3Black Ops 7's Endgame blurs the line between campaign and live-service
The Endgame mode is ann MMO-lite side mode designed for replayability
Sadly, the bad news for solo players doesn't end there. The Black Ops 7 campaign is also borrowing a page from its own live-service design, with the new open-world "Endgame" mode. It's set in a city called Avalon, and this part of the campaign drops you into a sandbox where you and up to 31 other players can run missions, progress characters, and there's even the risk of losing progress if you die. To me, that's where Call of Duty starts losing whatever it's got left of its soul. I come to the campaign for pacing, direction, and crafted setpieces, Treyarch — not an MMO-lite side mode.
Experimentation is the key to staying afloat and relevant, and I totally understand that. However, when you blur the lines between campaign and live service, what you get instead is a watered-down single-player experience. Instead of something like Black Ops 1's numbers station or Cold War's paranoia-fueled hallucinations, I'm going to be left with a space designed to be replayed endlessly, and that's the key difference. A goodCall of Duty campaign will stick with you long after it's over. Avalon, on the other hand, sounds like busywork.
2Leaks suggest a nameless, silent protagonist in the camapign
You might be taking on Mason's role less than you thought
A major rumor floating around that has made fans uneasy this time around is the suggestion that you might not be actually playing as David Mason most of the time. Instead, in the co-op campaign, you might be mostly controlling a nameless, customizable soldier, only occasionally jumping into Mason's shoes for certain missions. If true, that would be a huge blow to immersion, because Black Ops, of all the sub-series under Call of Duty, has always thrived on its characters.
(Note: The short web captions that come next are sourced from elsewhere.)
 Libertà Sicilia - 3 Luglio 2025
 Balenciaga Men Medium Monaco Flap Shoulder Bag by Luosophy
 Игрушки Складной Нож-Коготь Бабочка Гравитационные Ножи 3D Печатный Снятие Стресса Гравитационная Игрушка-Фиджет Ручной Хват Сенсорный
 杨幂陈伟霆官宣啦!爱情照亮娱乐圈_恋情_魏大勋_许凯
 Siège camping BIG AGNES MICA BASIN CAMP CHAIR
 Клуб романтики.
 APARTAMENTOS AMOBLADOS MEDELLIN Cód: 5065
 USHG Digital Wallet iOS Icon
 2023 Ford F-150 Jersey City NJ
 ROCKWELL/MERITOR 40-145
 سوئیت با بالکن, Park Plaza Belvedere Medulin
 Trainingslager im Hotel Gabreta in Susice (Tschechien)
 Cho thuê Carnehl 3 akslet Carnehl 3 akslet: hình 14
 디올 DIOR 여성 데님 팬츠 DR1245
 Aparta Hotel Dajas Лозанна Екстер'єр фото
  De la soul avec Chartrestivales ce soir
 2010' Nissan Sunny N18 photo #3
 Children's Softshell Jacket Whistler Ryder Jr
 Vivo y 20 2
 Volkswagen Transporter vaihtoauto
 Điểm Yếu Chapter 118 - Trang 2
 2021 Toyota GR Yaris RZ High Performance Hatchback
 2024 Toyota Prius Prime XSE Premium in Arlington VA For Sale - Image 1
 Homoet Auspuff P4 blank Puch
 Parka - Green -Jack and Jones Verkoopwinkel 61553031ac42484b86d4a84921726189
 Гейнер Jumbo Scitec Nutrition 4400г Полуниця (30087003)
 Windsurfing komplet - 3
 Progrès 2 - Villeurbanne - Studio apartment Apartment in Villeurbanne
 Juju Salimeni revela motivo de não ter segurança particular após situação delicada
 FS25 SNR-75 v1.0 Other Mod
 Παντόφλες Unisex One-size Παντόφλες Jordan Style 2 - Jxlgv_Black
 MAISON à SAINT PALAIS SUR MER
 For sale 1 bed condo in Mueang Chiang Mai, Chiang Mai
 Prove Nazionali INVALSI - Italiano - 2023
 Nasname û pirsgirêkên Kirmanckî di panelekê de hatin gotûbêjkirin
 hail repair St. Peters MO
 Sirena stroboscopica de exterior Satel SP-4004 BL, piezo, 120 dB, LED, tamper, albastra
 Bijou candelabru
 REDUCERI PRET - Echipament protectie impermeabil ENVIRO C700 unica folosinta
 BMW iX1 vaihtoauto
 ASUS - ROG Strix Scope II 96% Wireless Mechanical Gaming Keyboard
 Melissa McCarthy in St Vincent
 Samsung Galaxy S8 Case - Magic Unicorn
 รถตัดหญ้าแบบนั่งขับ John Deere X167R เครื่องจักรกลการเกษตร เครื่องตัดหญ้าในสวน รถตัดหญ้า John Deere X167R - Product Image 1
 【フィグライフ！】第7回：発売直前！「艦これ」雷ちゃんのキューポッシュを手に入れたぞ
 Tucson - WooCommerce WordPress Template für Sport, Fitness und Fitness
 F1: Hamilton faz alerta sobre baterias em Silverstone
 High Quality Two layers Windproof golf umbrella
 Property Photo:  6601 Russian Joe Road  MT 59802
Mason, Woods, Hudson, Menendez.
These aren't faceless avatars, and a huge part of why we remember the series and its big moments. If they aren't nameless, why should my character be? The emotional stakes here would plummet hard if I were to play as, say, a generic soldier. Co-op design might demand that compromise, but for single-player fans, this is nothing but a straight-up downgrade, and there's just no sugarcoating it.
At the end of the day, Black Ops 7 is increasingly feeling like Treyarch's attempt to quietly repeat the Black Ops 4 playbook. Back then, they simply skipped a campaign altogether, banking on the fact that most people were here for multiplayer anyway (which, now, is truer than ever before). Players still called them out, but this time around, instead of dropping the campaign altogether, Treyarch seems to be slotting in something that looks like a campaign but clearly isn't the priority.
This campaign, with its co-op focus, a focus on being a 'social experience', and no difficulty tweaks, feels like a distraction or pacifier to stop us from asking where the campaign is, all while the real resources funnel into multiplayer. And that's the whole problem — they know exactly where the money flows. Warzone, multiplayer, seasonal passes, and live-service hooks are where the money is, while the campaign is just the side salad to keep us quiet. It happened with 2023's Modern Warfare 3, and it seems to be happening again.